**Given data**
-- Opening Marker --

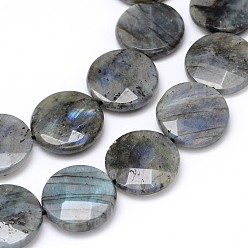 Labradorite Natural Labradorite Bead Strands, Faceted, Flat Round, 25x6mm, Hole: 1mm, about 16pcs/strand, 16 inch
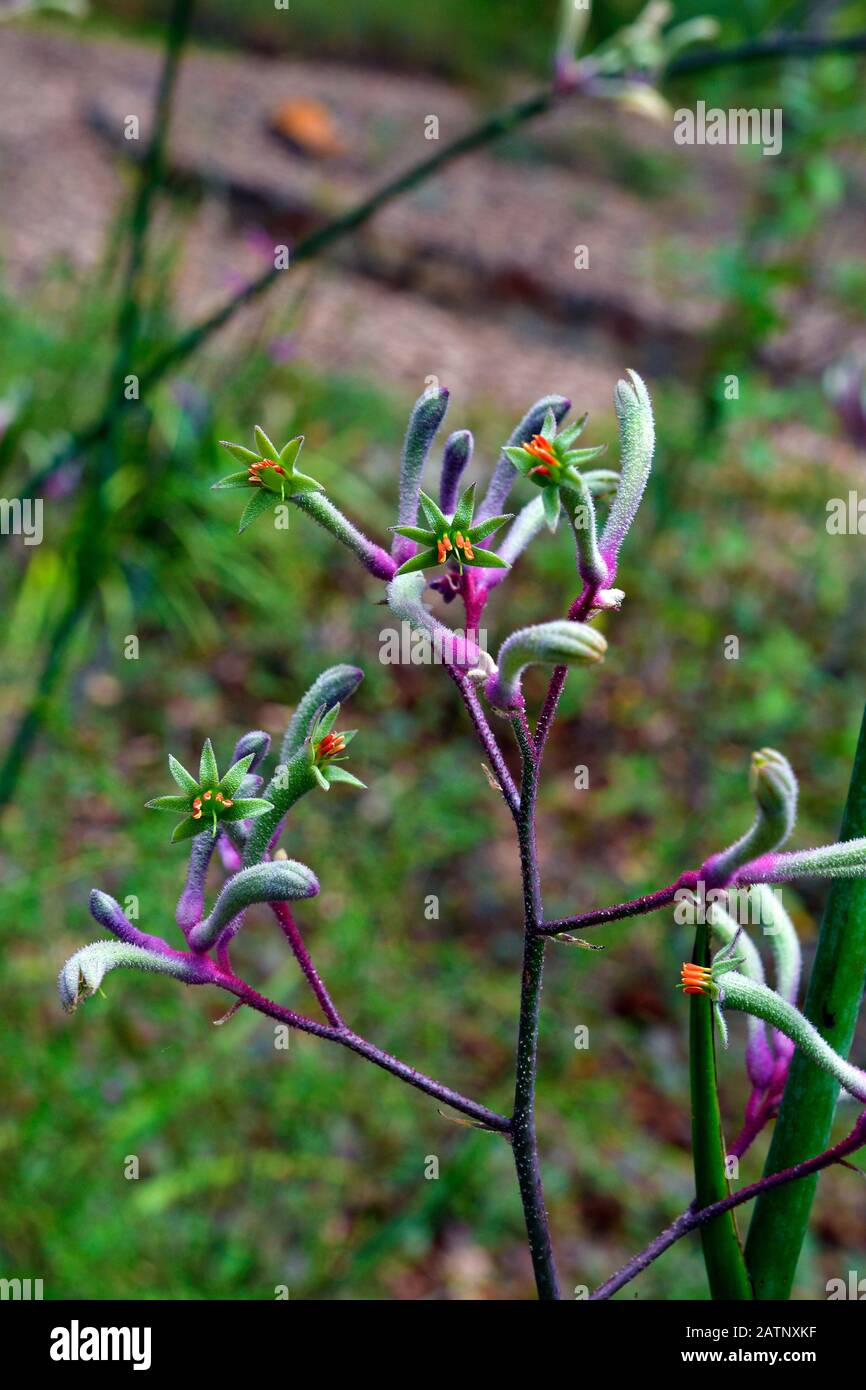 Australia, flowering kangaroo paw Stock Photo Alamy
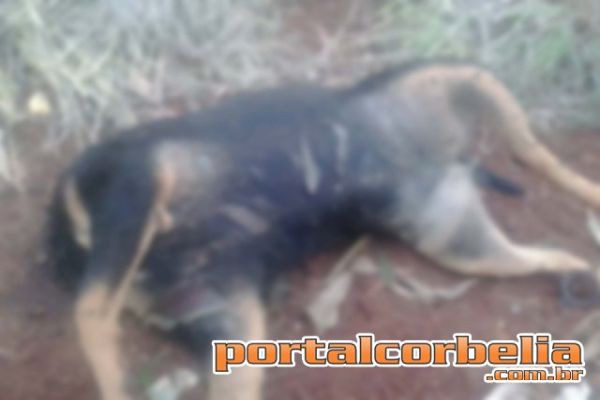 Cachorro é encontrado com a cabeça cortada no aterro sanitário de Corbélia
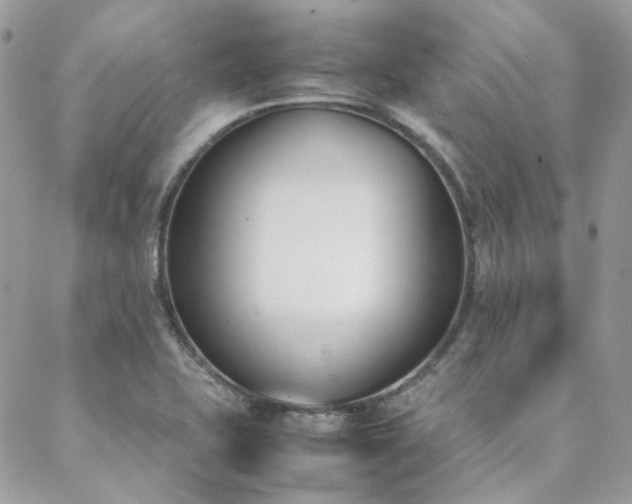X0000089401415200706151215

-- Closing Marker --

**Exercise objective**
Drop the pictures, then reproduce exactly the lines from the one with "Cachorro é encontrado" through the final line of the listing.

**Exercise response**
 Cachorro é encontrado com a cabeça cortada no aterro sanitário de Corbélia
X0000089401415200706151215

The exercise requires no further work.